***** RECORDS FOR PROCESSING
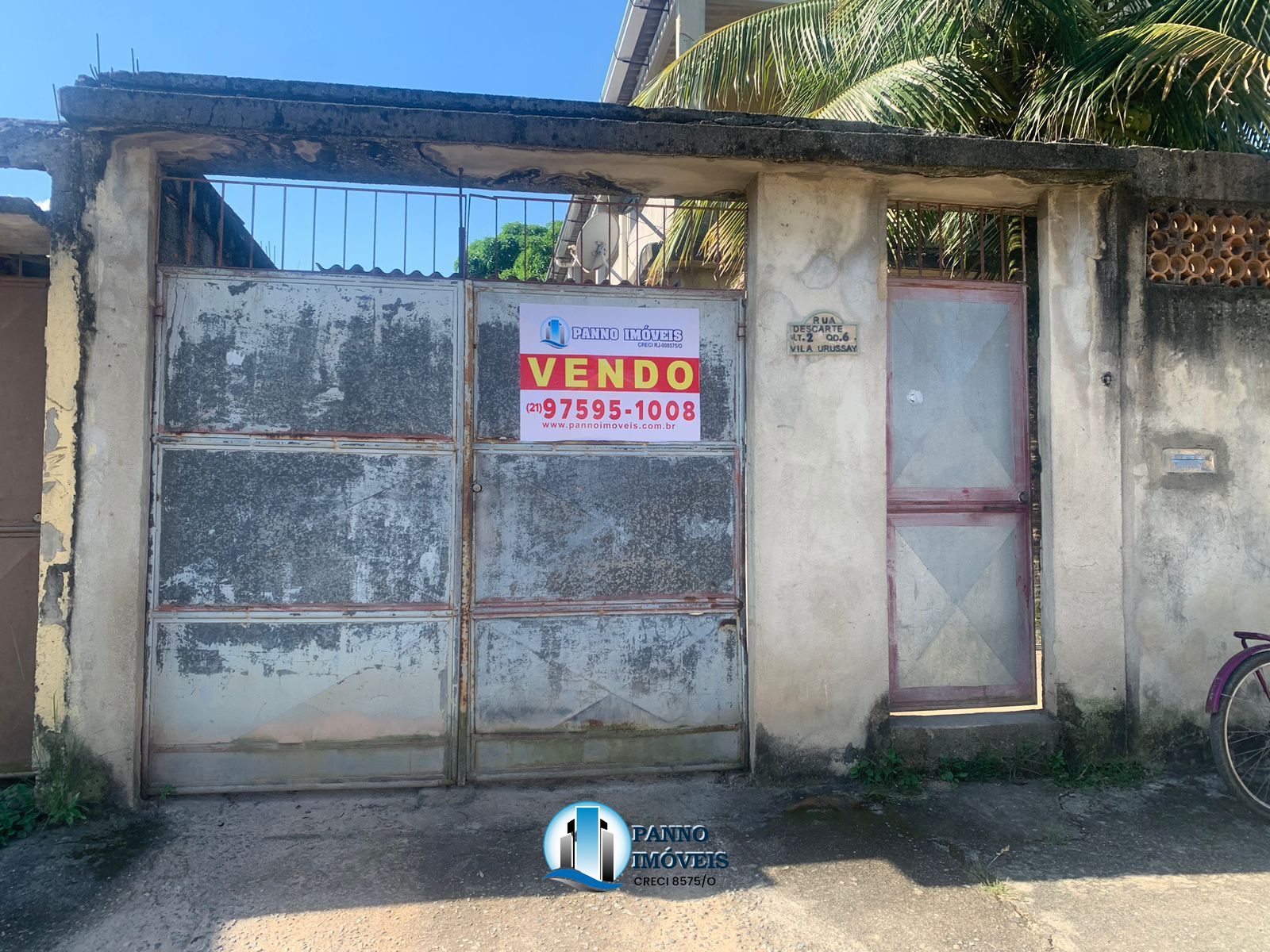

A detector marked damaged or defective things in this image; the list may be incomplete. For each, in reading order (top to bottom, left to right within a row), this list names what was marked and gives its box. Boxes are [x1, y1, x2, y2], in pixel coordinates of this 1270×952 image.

rusty metal gate [148, 268, 743, 787]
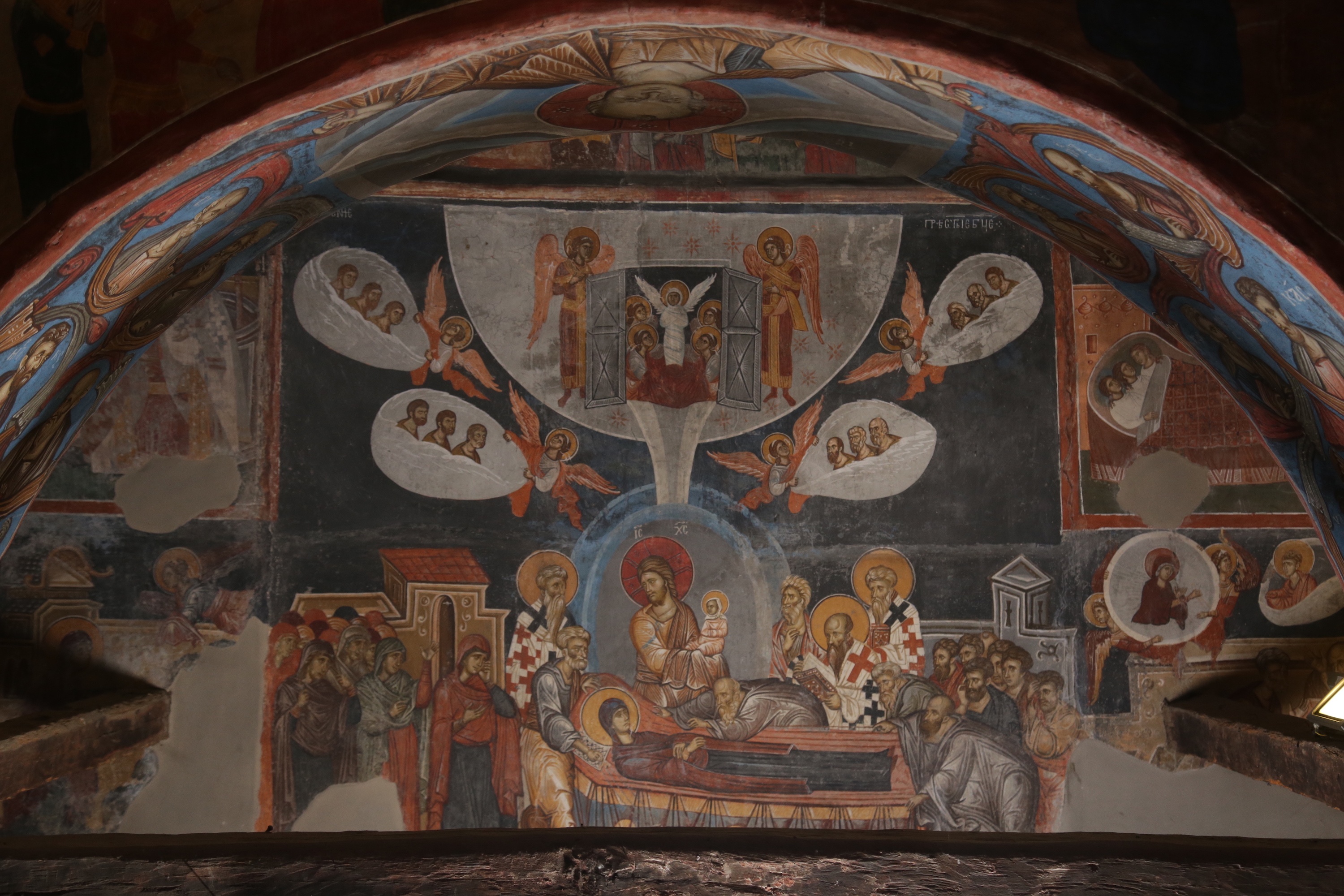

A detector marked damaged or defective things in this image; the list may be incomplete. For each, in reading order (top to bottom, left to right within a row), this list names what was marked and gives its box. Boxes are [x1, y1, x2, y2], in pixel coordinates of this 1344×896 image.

damaged plaster patch [114, 457, 241, 532]
damaged plaster patch [1113, 448, 1210, 532]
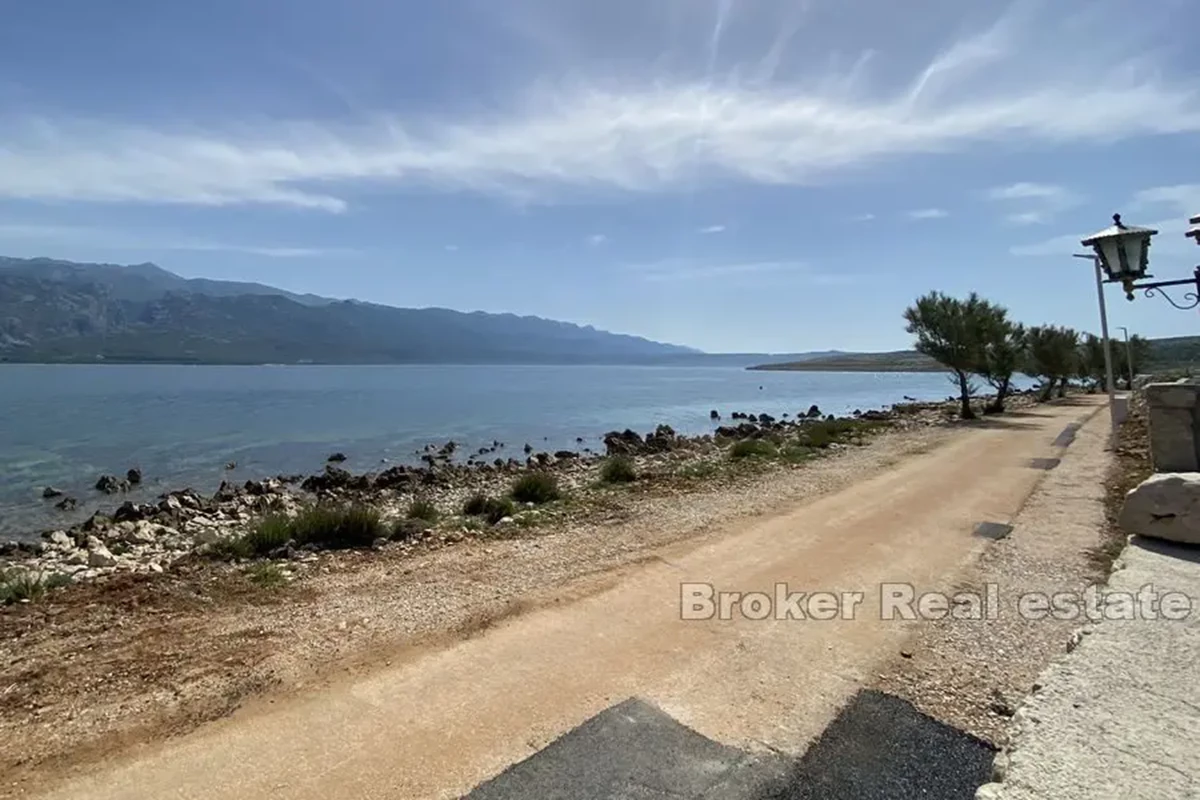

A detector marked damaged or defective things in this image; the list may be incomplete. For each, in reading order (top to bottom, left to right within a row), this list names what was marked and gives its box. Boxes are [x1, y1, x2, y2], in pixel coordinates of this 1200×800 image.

asphalt patch [1056, 422, 1084, 448]
asphalt patch [974, 522, 1012, 542]
asphalt patch [463, 695, 792, 800]
asphalt patch [758, 690, 993, 800]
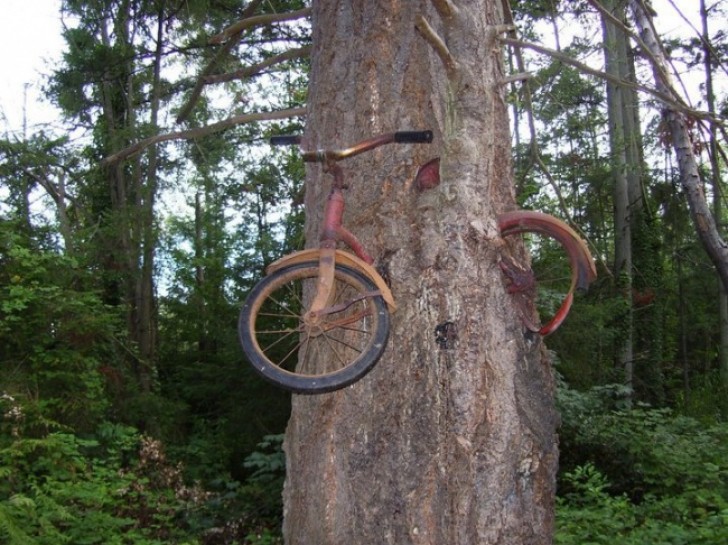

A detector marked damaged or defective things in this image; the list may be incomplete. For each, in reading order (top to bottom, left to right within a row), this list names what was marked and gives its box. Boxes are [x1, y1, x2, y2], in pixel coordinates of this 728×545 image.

rusty bicycle [239, 133, 596, 396]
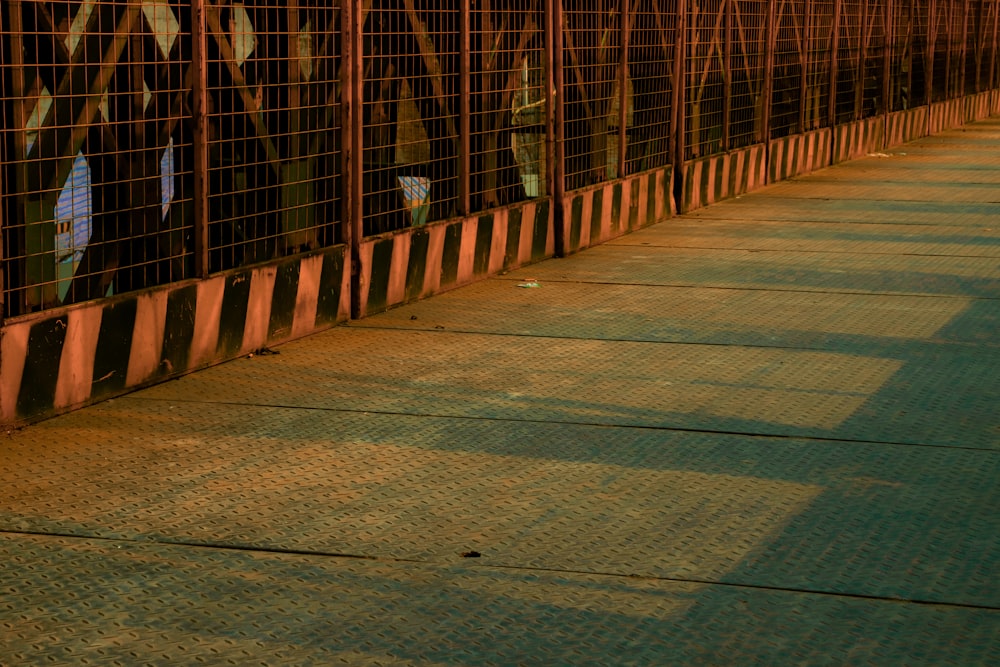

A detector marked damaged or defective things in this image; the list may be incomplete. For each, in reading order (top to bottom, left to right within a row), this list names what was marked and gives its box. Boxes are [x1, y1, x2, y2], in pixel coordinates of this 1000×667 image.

rusty metal fence [1, 0, 1000, 318]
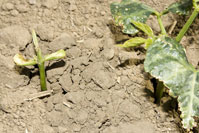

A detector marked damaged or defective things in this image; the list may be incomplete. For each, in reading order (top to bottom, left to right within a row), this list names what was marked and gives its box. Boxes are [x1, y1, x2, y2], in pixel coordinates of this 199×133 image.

damaged seedling [13, 29, 66, 91]
damaged seedling [110, 0, 199, 131]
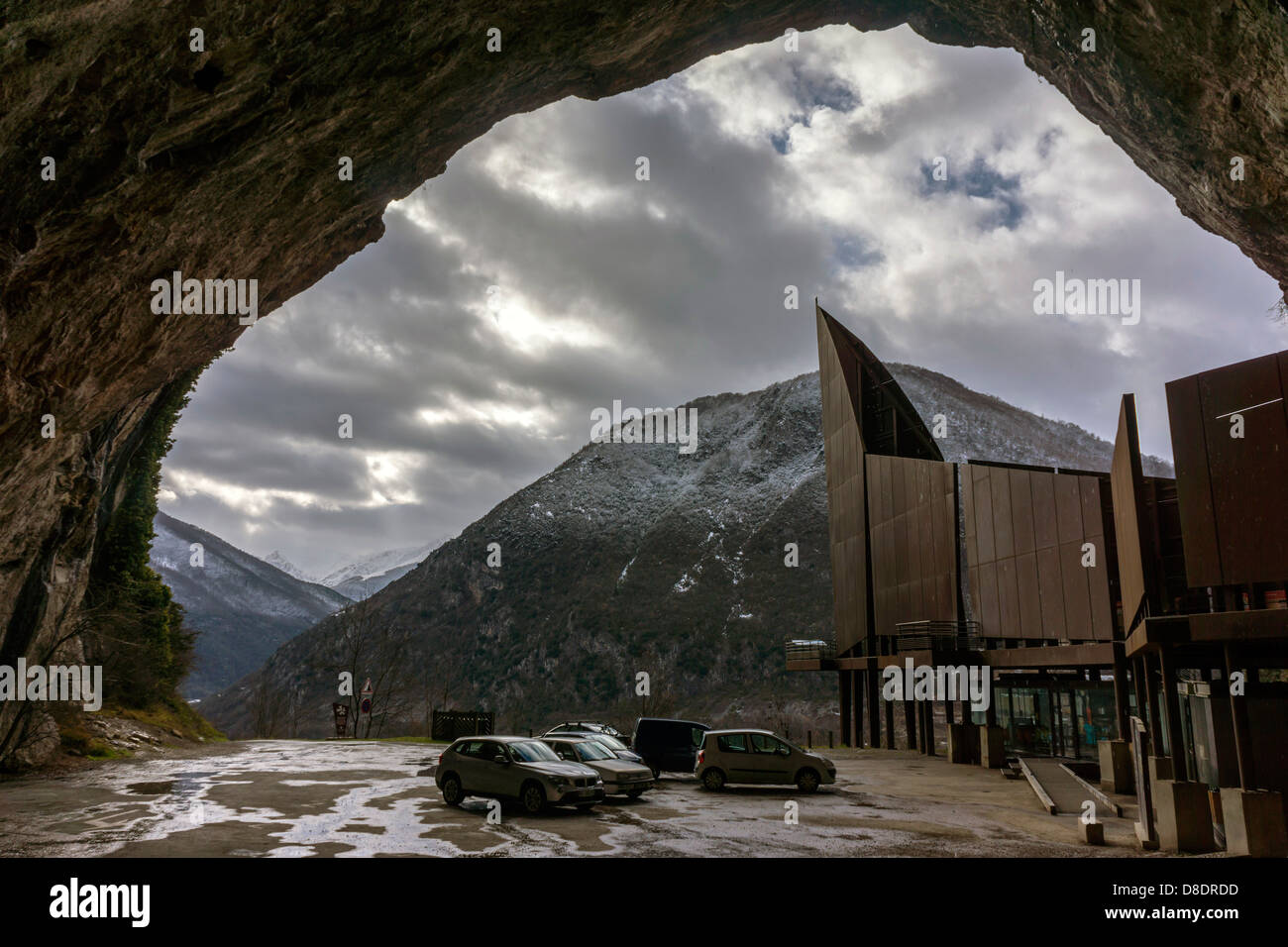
**********
WHAT IS REQUIRED -> Write out the whole listing again, exactly, with no pictures.

OUTPUT OF THE TASK ->
A detector marked damaged or defective things in this image; the list may be incomplete. For each, in reading order (top to bottom, left to right within a row), this list names what was marked and gives its box. Boxes are [x1, y1, x2, y2], in pixel coordinates of this 1270×952 image.

rusty metal gate [148, 268, 743, 787]

A detector marked damaged or defective things in this image; the list may be incomplete. For each, in reading order (top to bottom, left to right within a row), this list names what was marked and gives its box. Boxes are [x1, y1, x2, y2], in pixel coordinates of this 1344×896 image.

damaged plaster patch [114, 457, 241, 532]
damaged plaster patch [1113, 448, 1210, 532]

A detector marked damaged or defective things in this image; the list may be incomplete. For each, in reading order (top to bottom, left to right within a row), this list names what was marked and gives its box. Boxes are [x1, y1, x2, y2], in pixel coordinates of this 1200×800 image.

asphalt patch [1056, 422, 1084, 448]
asphalt patch [974, 522, 1012, 542]
asphalt patch [463, 695, 792, 800]
asphalt patch [758, 690, 993, 800]

A detector marked damaged or defective things in this image; the list may be incomplete. For each, in reading order (top to bottom, left to right within a row), this list names what was marked and gives its box. Boxes are [x1, y1, x2, y2], in pixel coordinates of this 728×545 image.

rusty bicycle [239, 133, 596, 396]

A detector marked damaged or defective things in this image; the list may be incomplete. For each, in reading order (top to bottom, left to right within a row), this list names what was marked and gives its box. Boxes are [x1, y1, x2, y2], in pixel coordinates of this 1000×667 image.

rusty metal fence [1, 0, 1000, 318]

A detector marked damaged or defective things in this image; the list may be incomplete. For each, in reading order (top to bottom, left to right within a row), this list names what was marked and gives its box. Boxes are [x1, y1, x2, y2], in pixel coordinates of this 199×133 image.

damaged seedling [13, 29, 66, 91]
damaged seedling [110, 0, 199, 131]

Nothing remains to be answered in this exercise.